Throughout the weekend, participants heard witness talks, participated in team-building activities, studied the saints, engaged in small-group discussions, celebrated Mass, prayed before the Blessed Sacrament and had the opportunity to go to confession.

Tanner Knight, a senior from the Coralville parish, served as an emcee and gave a witness talk. He believes it is important for older youths to help younger youths become engaged in the life of the Church. “Kids don’t listen to adults as much as kids their own age,” he told The Catholic Messenger. “It’s important for them to see youths who are engaged in their faith and having fun.”

Youth testimonies on Saturday covered a variety of topics including abstinence, overcoming suicidal thoughts and having the bravery to forge your own path. Gloria Mancilla, a youth ministry assistant from St.
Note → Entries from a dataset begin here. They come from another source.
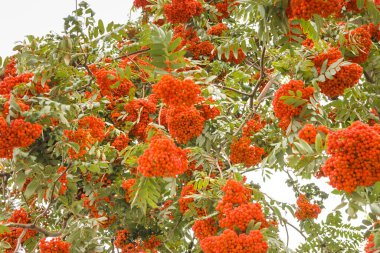 Kırmızı böğürtlenli Rowan dalları. Bir Rowan ağacının dallarında kırmızı Rowan meyveleri ve bulutlu bir gökyüzünde yeşil yapraklar.
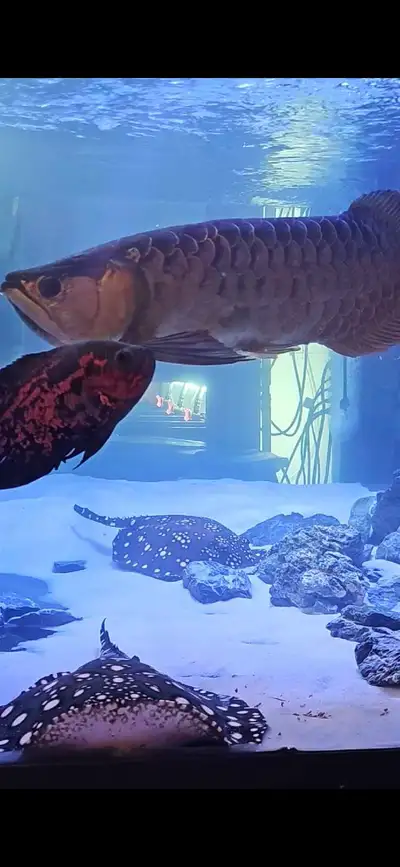 Registered Asian Arowana, breeding pair of king Henlei stingrays, View more
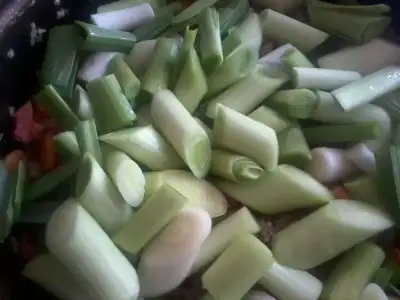 $Fotoğraf1590.webp $Fotoğraf1590.webp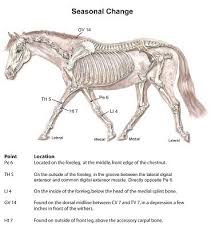 Acupressure Points For The Horse In Cold Weather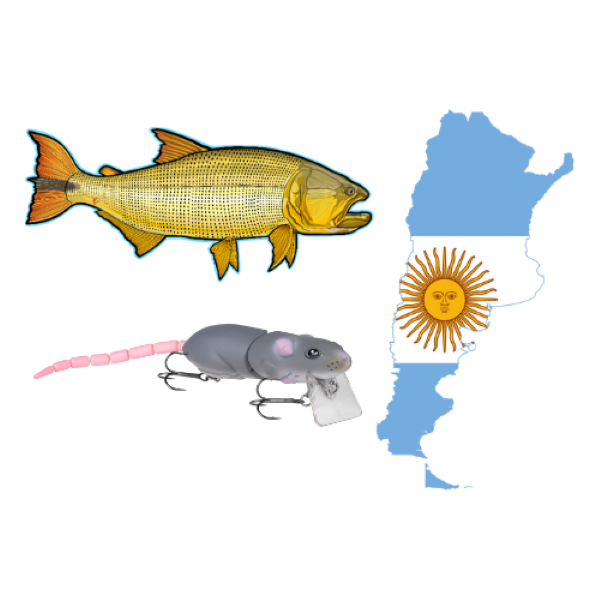 Fishing for Golden Dorado with SPRO Rat in Argentina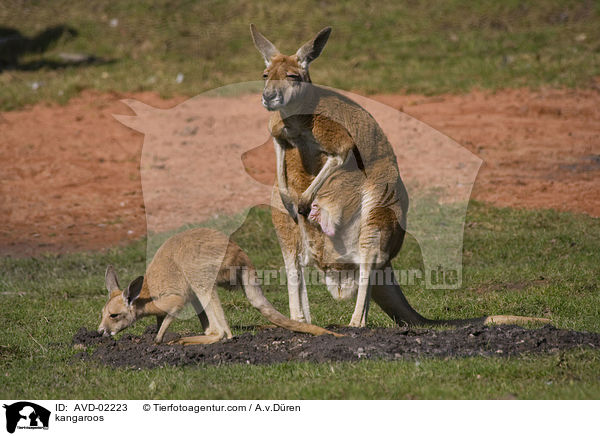 kangaroos / AVD-02223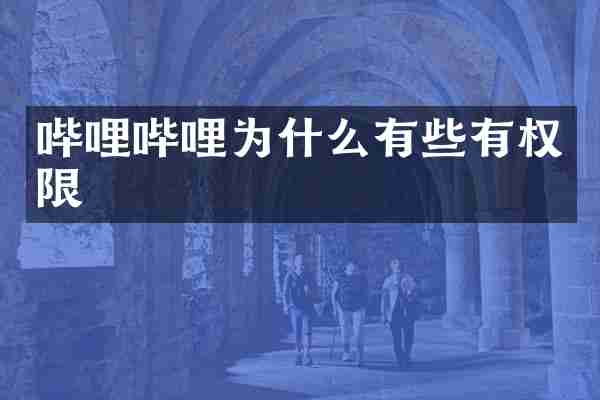 哔哩哔哩为什么有些有权限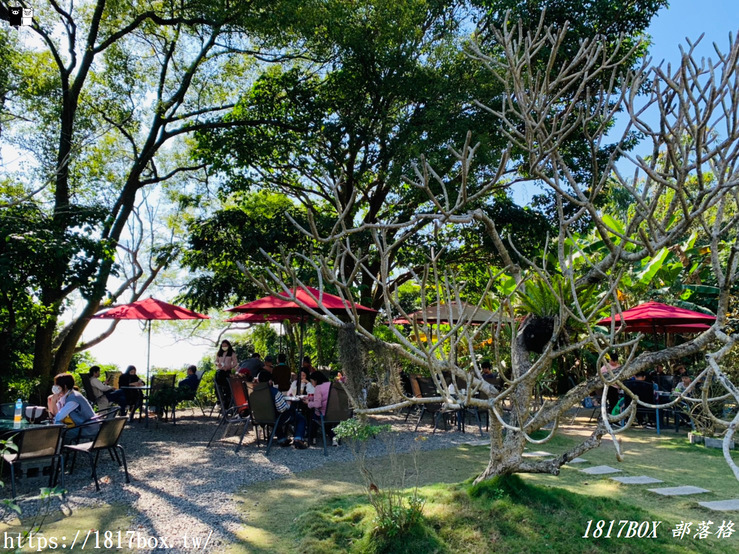 【台南。白河】雲萊山莊庭園景觀咖啡。倘佯在雲霧裡的森林咖啡館 @1817BOX部落格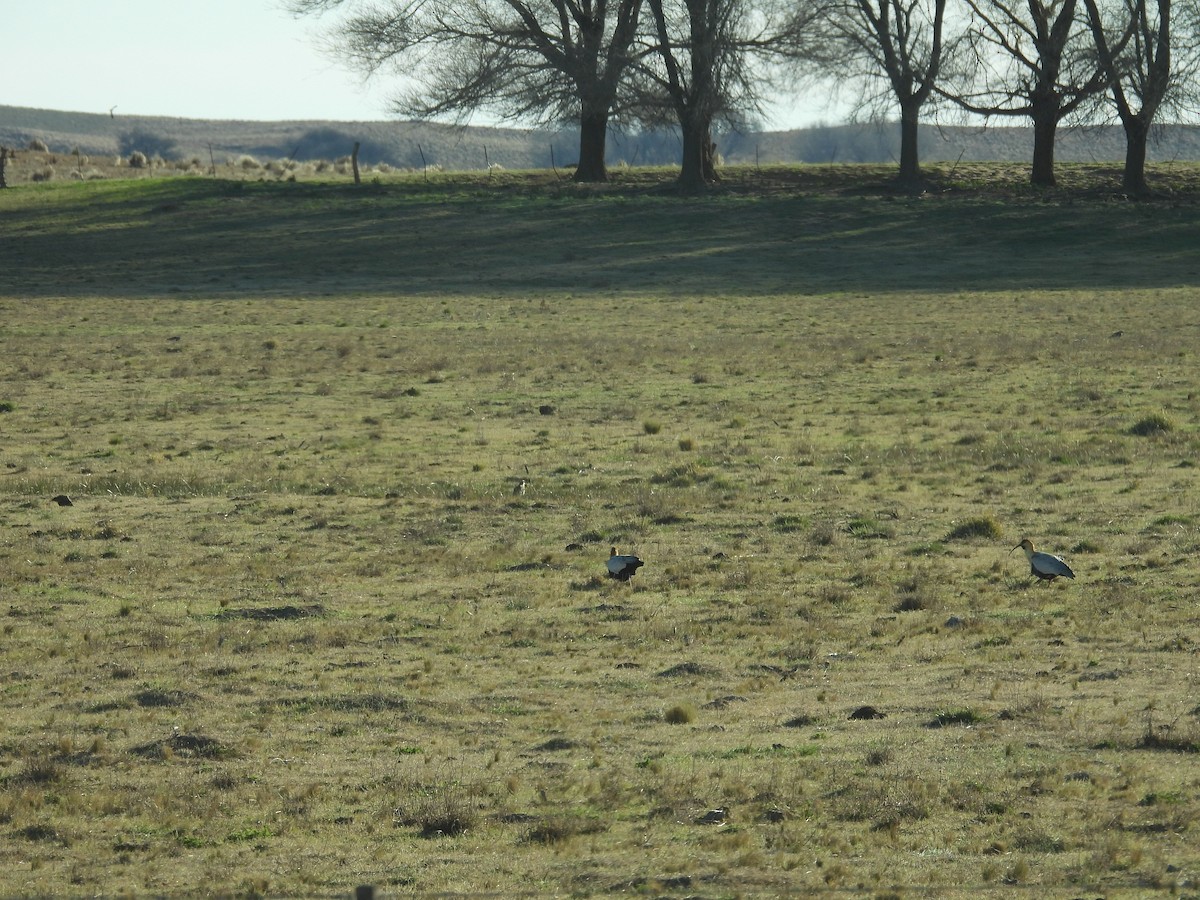 Black-faced Ibis - ML640721601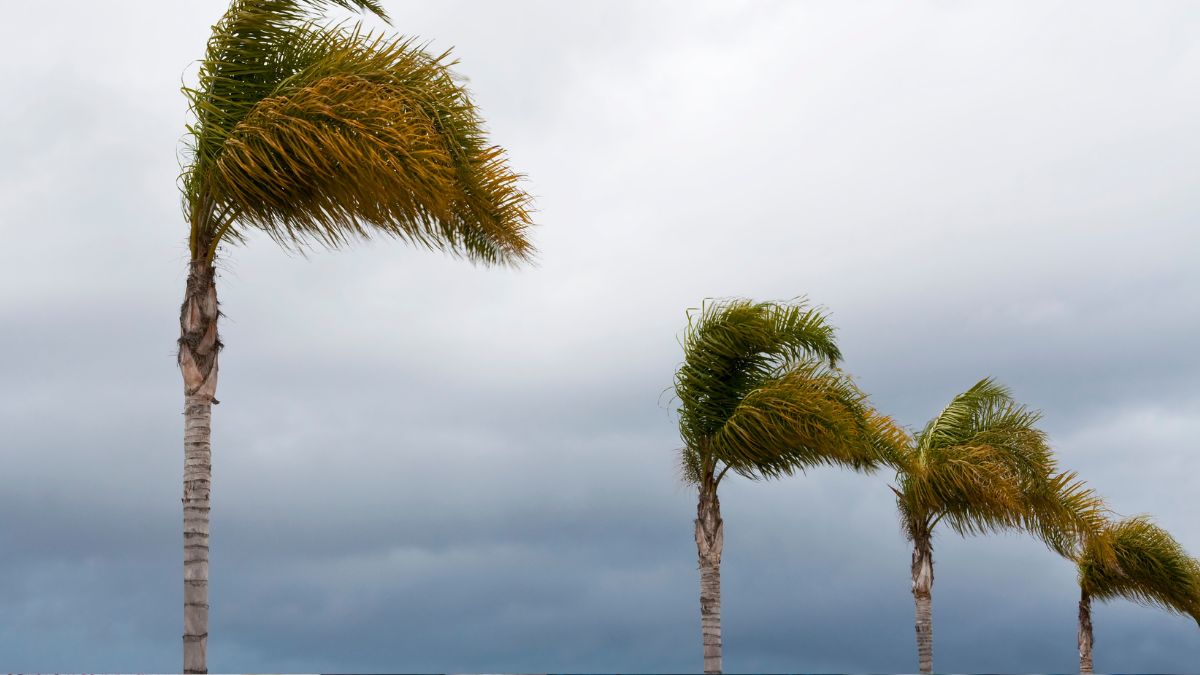 JUÁREZ NUEVO LEÓN CLIMA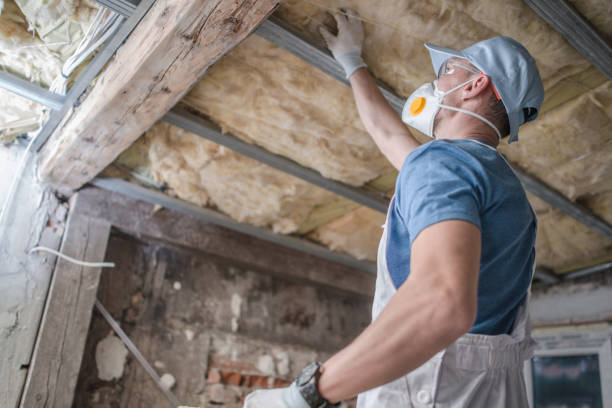 Best Fiberglass Insulation in Moore Haven, FL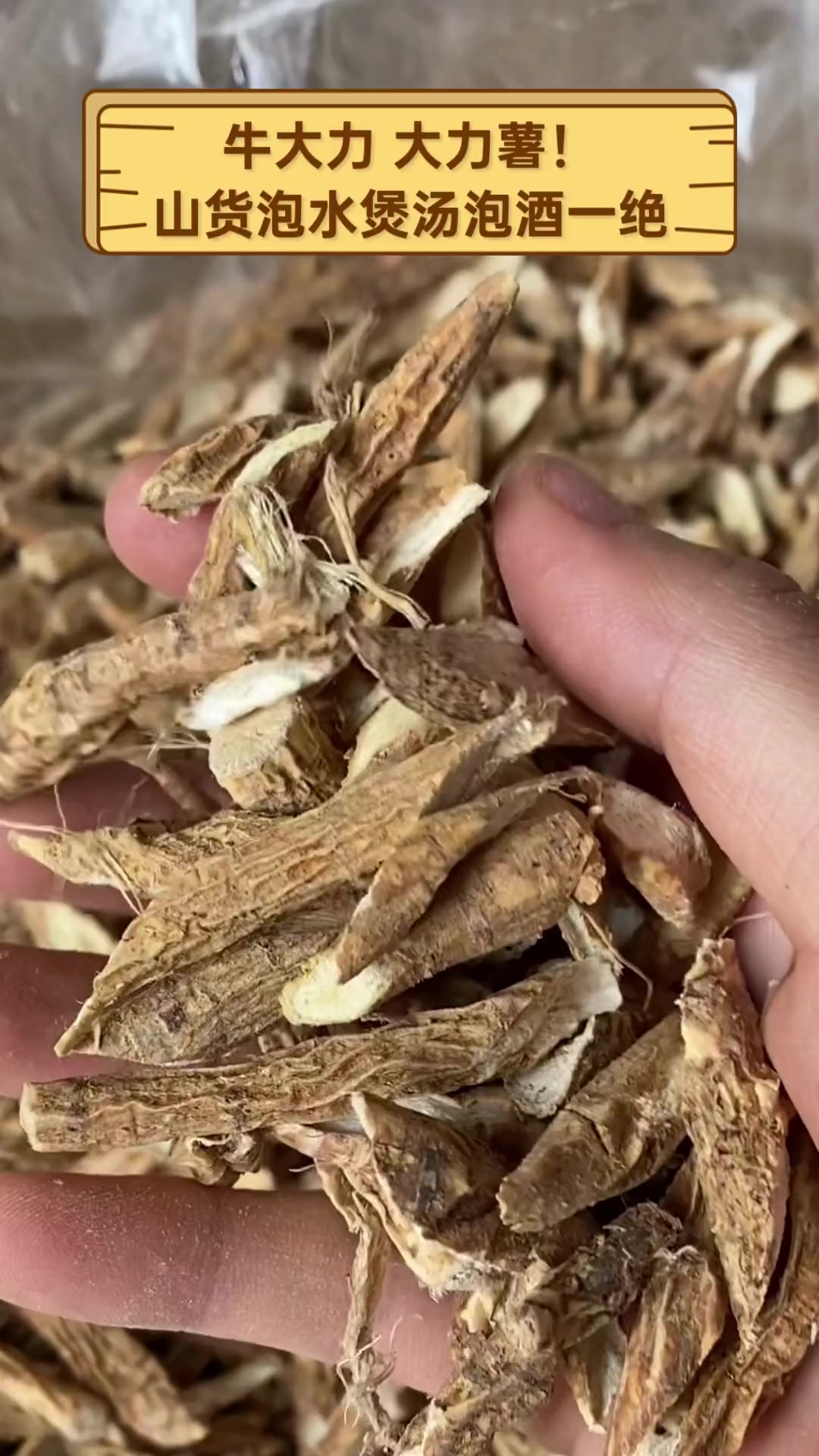 牛大力,大力薯!山货泡水煲汤泡酒一绝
Anthony Parish in Davenport, said it is often easier for youths to relate to peer leaders because “they are facing the same problems.”

Tina Wagschal, secretary for the Davenport parish, also assists the parish’s youth ministry. She said the high school youths had expressed an interest in participating in retreats and listening to peer witness talks. The Walk on Water retreat provided a great opportunity to do that.

Participants had plenty of time for fellowship as well. On Saturday night, they bundled up and took a hayrack ride to the gym where they played volleyball, giant Jenga and other activities. “I’m

Lindsay Steele
Taylor Vittetoe and Malea Kampman of St. Thomas More Parish in Coralville take a selfie with a cardboard cutout of Pope Francis during a retreat for youths and youth ministry leaders Nov. 13 at Crooked Creek Christian Camp in Washington.

loving how (participants) are interacting, seeing how our kids have blended in and stood out at the same time,” Wagschal said. It was a warm and welcoming environment for the adult leaders, too.

On Sunday morning, Father Chuck Adam offered a talk on letting go of fear and trusting God. He said that initially he was afraid to tell people he wanted to become a priest but eventually trusted God and found the courage to pursue his vocation. Fear can hold people back from doing the right thing but listening to God, letting go of regrets and resentment, being part of a community of faith and seeing struggles as growth opportunities can help, he said. He celebrated Mass to conclude the retreat.

Emcee Lucy Nolte, a young adult from the Coralville parish, said she observed that people who didn’t have strong faith at the start of the retreat were able to see how God has worked in their lives and in the lives of others.

Participant Malia Wiederien, also from the Coralville parish, said the retreat was successful in helping youths open up about their experiences. “People were being super vulnerable and willing to share with the large group. That’s really hard!” She acknowledged that, while most of the people in her small group attended because their parents wanted them to, they were glad they did and were interested in participating in a future retreat. “Their eyes were opened and they had that ‘wow’ moment, they had their Jesus moment.”

Emcees Duwa and Landry Gingerich, both from the Holy Family Parish of Riverside, Richmond and Wellman, said they appreciated the opportunity to help their peers embrace the Catholic faith. “I liked watching everyone participate and observe God’s presence,” Duwa said.

Sarah Berdo, a youth participant from St. James Parish in Washington, attended the retreat with her older sister, Tess. Sarah Berdo said she left the retreat with new friends and a new perspective on her faith. Tess Berdo said she grew closer to God and learned how to reflect on and go deeper in her faith.